Required action:
Below is a set of records. Repeat them verbatim without the pictures.

Image-text web data:

* * *

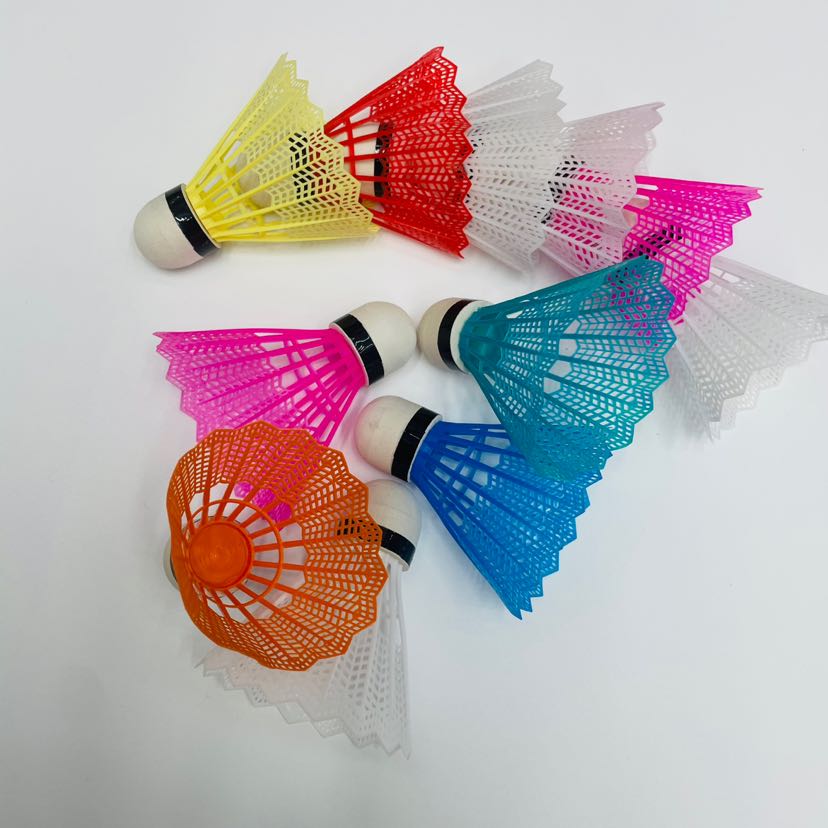 Plastic badminton (Who is better, plastic badminton or badminton badminton)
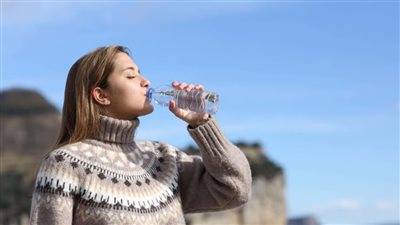 شرب الماء هو السر.. كيف يحدث الجفاف في فصل الشتاء؟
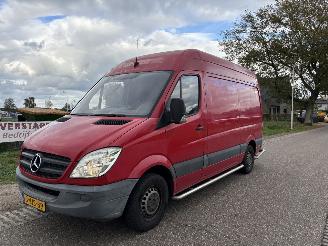 Mercedes Sprinter 210 CDI LANG / HOOG L2/H2 195.000 KM N.A.P. picture 2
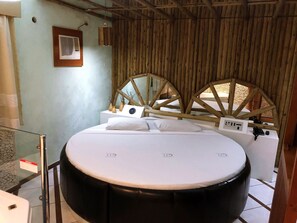 Suíte | Frigobar, quartos à prova de som, camas extras/dobráveis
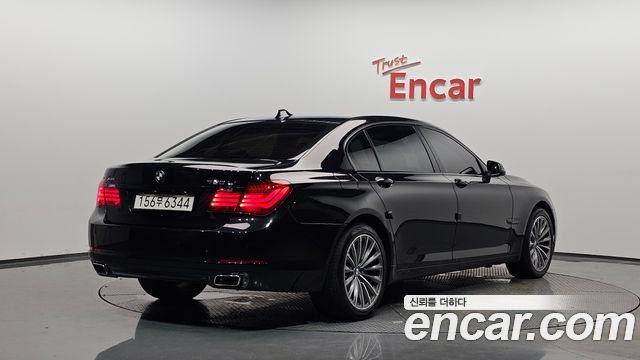 BMW 7-Series 2014 — photo 2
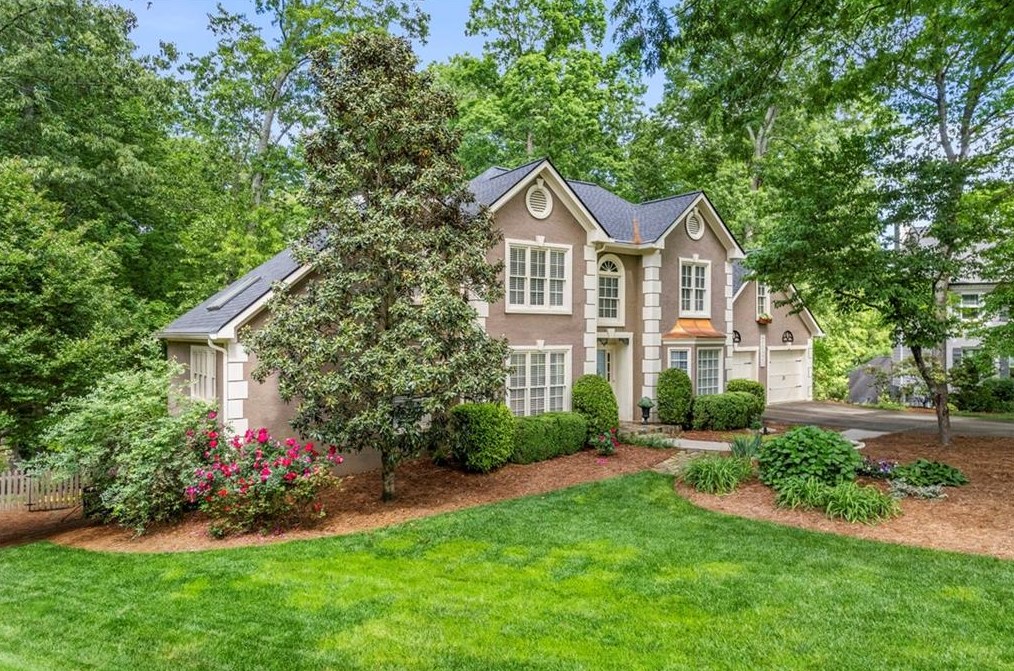 170 Riding Trail Ct, Roswell, GA 30075-1758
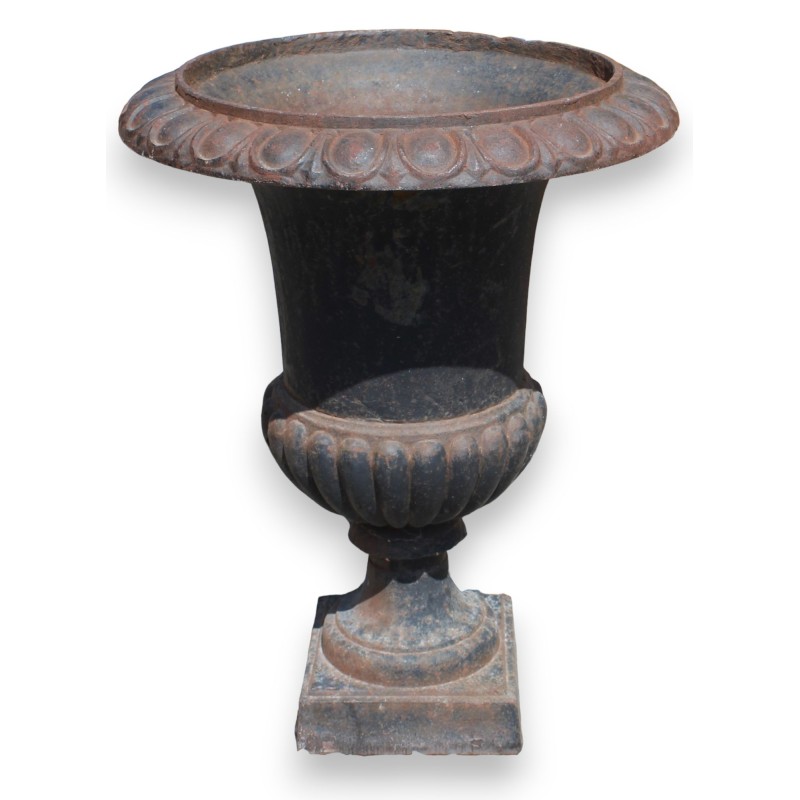 Black cast iron washbasin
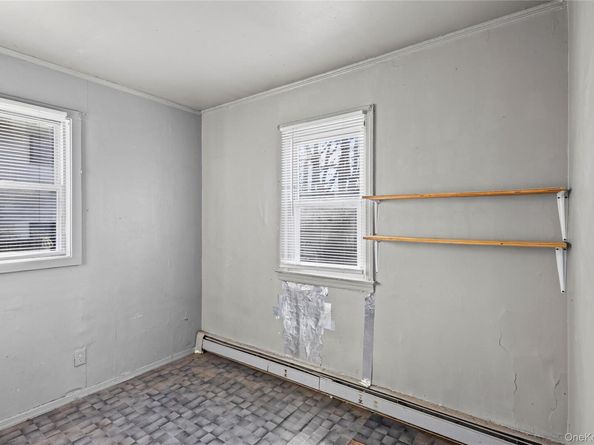 6 Sportsman Court, Shirley NY 11967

* * *

Finished exercise:
 Plastic badminton (Who is better, plastic badminton or badminton badminton)
 شرب الماء هو السر.. كيف يحدث الجفاف في فصل الشتاء؟
 Mercedes Sprinter 210 CDI LANG / HOOG L2/H2 195.000 KM N.A.P. picture 2
 Suíte | Frigobar, quartos à prova de som, camas extras/dobráveis
 BMW 7-Series 2014 — photo 2
 170 Riding Trail Ct, Roswell, GA 30075-1758
 Black cast iron washbasin
 6 Sportsman Court, Shirley NY 11967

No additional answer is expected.